Cars? Possibly - if they rely on Internet access. That is a fear with the low-cost Chinese-made EVs. One threat there may be trying to analyse journeys to work out if the owner works in a delicate areas like defence manufacturing, military base, airport, etc.
GPS: no. Unless within a portable telephone so...
.....
Cell phones: No, unless someone is intercepting your calls. The common fear is that they trace your location. There is a grain of truth in that the telephone has to transmit its own location so the system can work. It does
not prove who has the telephone there, nor does it give any hint why or what the holder is doing. You can help yourself by not being a slave to it.
I don't recall all this worry when CB Radio was a craze!
{i]Anything with a micophone or camera[/i].
Anything? ONLY if it is connected to a system sending the signals away somewhere. So front-door intercoms and cameras, baby-alarms, reversing-cameras and windscreen cameras on vehicles, any fully-contained speech recorders, or isolated digital cameras etc., are safe by not being connected to the Internet.
Theoretically, if connected wirelessly (a short-range radio link) some might be listened-in on but the eavesdropper would need be very close and the information they'd obtained would be pretty thin! Still worried? Use hard-wired versions.
VR headset: I know little about these but why would they be a threat? I can't really think how they might.
Most people's
privacy weakness is .... "social media"! Also routine or frequent on-line shopping and commercial web-siite browsing, but it will be influenced by the nature of the sites you use. The big boys are likely to be interested only in your use of the big boys in retailing.

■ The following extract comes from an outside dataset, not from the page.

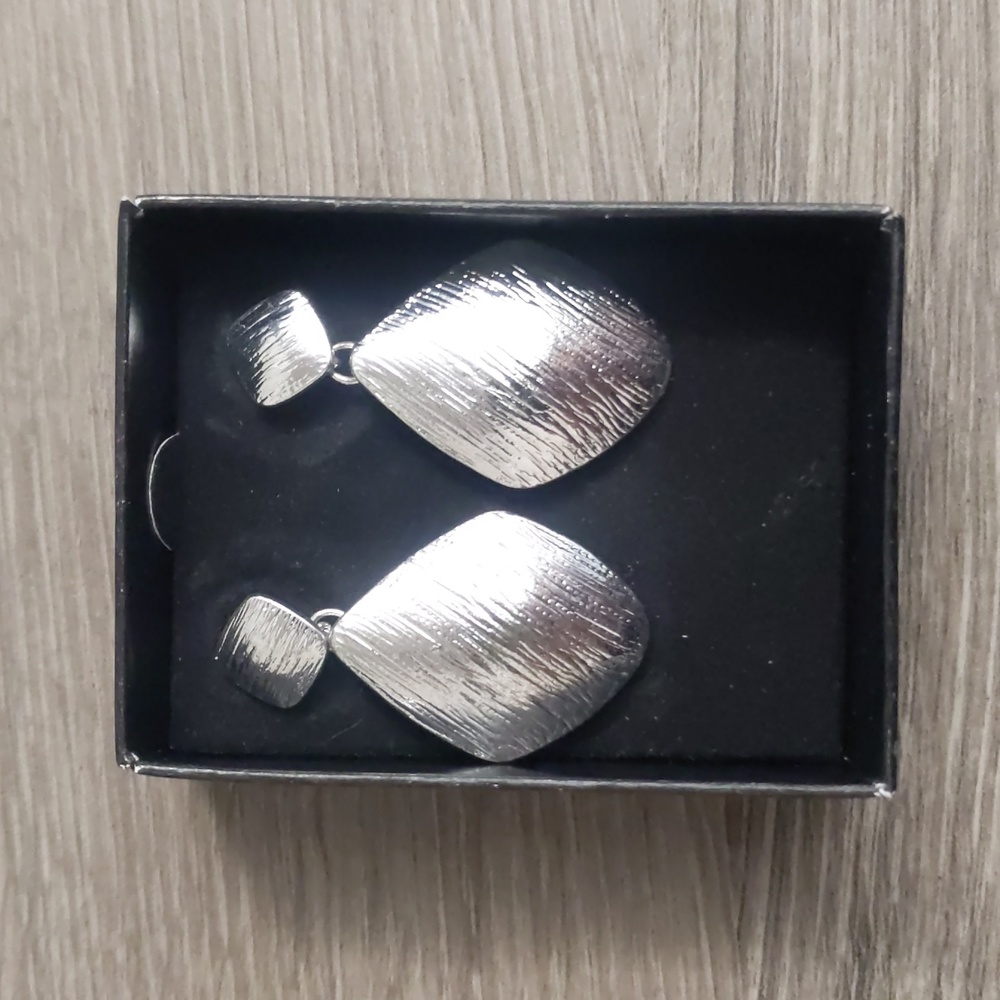Earrings - Avon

And of course buying a gadget like an Alexa and leaving the wretched thing switched on. Easiest protection? Don't buy such things! You do not need them!
The most dangerous
security weakness? Announcing on chat-sites future planned or regular absences from home, displaying valuable property, and the like. Giving away enough information for people intent on malfeasance, deducing your identity and location
I know of someone some years ago completing a massive craft project, as a hobby, taking many hundreds of hours and a lot of expensive materials. Rather rashly he posted photos of it Facebook. This elicited strange enquiries of its monetary value - he had said nothing about selling it. He was astute enough to realise his mistake, and not to reply but to block and delete them. Others could have been caught out and offered some estimate.